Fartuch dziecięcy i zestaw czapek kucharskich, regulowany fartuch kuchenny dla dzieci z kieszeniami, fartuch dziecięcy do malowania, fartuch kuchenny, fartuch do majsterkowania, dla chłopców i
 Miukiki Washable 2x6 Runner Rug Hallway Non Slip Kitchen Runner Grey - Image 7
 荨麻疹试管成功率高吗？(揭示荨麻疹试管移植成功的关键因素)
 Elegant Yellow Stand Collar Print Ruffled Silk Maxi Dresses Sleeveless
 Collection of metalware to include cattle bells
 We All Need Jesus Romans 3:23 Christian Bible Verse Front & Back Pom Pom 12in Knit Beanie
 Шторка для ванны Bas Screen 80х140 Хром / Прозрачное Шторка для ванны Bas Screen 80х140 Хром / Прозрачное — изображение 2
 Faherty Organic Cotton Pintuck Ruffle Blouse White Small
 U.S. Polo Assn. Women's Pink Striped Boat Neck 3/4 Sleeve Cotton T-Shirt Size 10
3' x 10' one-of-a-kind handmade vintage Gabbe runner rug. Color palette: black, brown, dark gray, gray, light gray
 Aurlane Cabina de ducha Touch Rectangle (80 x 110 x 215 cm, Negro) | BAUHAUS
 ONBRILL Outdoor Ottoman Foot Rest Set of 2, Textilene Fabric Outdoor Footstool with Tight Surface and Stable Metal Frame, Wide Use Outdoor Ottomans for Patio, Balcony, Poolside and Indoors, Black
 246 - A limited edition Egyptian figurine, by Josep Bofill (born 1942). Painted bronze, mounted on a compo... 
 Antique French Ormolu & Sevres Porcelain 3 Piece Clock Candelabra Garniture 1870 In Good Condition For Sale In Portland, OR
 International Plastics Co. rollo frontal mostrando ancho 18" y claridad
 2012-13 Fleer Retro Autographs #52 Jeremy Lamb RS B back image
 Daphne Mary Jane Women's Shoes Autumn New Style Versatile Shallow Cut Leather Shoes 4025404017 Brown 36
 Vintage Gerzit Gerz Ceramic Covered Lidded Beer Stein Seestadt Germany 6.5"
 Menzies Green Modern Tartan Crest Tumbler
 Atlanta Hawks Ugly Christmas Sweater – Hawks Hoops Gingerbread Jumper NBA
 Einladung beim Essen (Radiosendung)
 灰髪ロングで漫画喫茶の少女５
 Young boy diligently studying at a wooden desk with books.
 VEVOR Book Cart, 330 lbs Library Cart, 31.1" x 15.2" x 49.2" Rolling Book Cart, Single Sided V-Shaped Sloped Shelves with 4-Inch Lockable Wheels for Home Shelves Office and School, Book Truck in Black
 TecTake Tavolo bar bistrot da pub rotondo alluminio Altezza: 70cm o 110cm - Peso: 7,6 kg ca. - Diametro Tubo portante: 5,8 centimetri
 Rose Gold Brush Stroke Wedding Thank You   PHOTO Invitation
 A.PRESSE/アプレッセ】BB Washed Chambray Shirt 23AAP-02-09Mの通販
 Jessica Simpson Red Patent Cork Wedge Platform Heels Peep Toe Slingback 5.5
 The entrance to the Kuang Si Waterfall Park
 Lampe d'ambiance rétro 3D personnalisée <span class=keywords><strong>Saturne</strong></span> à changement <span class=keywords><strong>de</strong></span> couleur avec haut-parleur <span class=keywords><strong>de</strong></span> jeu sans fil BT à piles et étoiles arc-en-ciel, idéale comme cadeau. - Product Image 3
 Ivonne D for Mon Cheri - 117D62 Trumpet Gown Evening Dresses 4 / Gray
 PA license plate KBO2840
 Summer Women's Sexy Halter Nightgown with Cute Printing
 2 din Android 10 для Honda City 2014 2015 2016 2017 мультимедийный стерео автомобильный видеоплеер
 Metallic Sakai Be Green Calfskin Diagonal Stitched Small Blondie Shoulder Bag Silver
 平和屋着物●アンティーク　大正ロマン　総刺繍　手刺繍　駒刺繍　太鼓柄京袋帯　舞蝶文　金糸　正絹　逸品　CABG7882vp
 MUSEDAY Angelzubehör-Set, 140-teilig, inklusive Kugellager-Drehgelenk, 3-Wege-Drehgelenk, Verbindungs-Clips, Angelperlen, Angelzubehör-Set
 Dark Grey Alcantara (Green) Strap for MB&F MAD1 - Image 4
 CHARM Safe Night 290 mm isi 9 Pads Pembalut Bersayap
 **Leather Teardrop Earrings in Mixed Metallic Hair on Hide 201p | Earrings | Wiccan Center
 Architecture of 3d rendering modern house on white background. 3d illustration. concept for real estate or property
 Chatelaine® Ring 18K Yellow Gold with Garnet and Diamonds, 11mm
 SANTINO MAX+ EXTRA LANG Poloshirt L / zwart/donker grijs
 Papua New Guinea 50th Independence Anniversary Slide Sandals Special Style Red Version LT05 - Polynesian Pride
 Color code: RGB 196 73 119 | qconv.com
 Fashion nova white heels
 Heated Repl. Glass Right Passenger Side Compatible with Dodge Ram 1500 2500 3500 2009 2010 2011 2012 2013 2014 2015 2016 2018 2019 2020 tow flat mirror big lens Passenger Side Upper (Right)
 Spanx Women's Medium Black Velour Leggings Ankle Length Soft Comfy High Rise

**Work instructions:**
Among the entries above, the line containing "The entrance to the Kuang Si Waterfall Park", the line containing "Fashion nova white heels", and all lines between them are to be restated word for word; nothing else belongs in the reply.

**Exercise response:**
 The entrance to the Kuang Si Waterfall Park
 Lampe d'ambiance rétro 3D personnalisée <span class=keywords><strong>Saturne</strong></span> à changement <span class=keywords><strong>de</strong></span> couleur avec haut-parleur <span class=keywords><strong>de</strong></span> jeu sans fil BT à piles et étoiles arc-en-ciel, idéale comme cadeau. - Product Image 3
 Ivonne D for Mon Cheri - 117D62 Trumpet Gown Evening Dresses 4 / Gray
 PA license plate KBO2840
 Summer Women's Sexy Halter Nightgown with Cute Printing
 2 din Android 10 для Honda City 2014 2015 2016 2017 мультимедийный стерео автомобильный видеоплеер
 Metallic Sakai Be Green Calfskin Diagonal Stitched Small Blondie Shoulder Bag Silver
 平和屋着物●アンティーク　大正ロマン　総刺繍　手刺繍　駒刺繍　太鼓柄京袋帯　舞蝶文　金糸　正絹　逸品　CABG7882vp
 MUSEDAY Angelzubehör-Set, 140-teilig, inklusive Kugellager-Drehgelenk, 3-Wege-Drehgelenk, Verbindungs-Clips, Angelperlen, Angelzubehör-Set
 Dark Grey Alcantara (Green) Strap for MB&F MAD1 - Image 4
 CHARM Safe Night 290 mm isi 9 Pads Pembalut Bersayap
 **Leather Teardrop Earrings in Mixed Metallic Hair on Hide 201p | Earrings | Wiccan Center
 Architecture of 3d rendering modern house on white background. 3d illustration. concept for real estate or property
 Chatelaine® Ring 18K Yellow Gold with Garnet and Diamonds, 11mm
 SANTINO MAX+ EXTRA LANG Poloshirt L / zwart/donker grijs
 Papua New Guinea 50th Independence Anniversary Slide Sandals Special Style Red Version LT05 - Polynesian Pride
 Color code: RGB 196 73 119 | qconv.com
 Fashion nova white heels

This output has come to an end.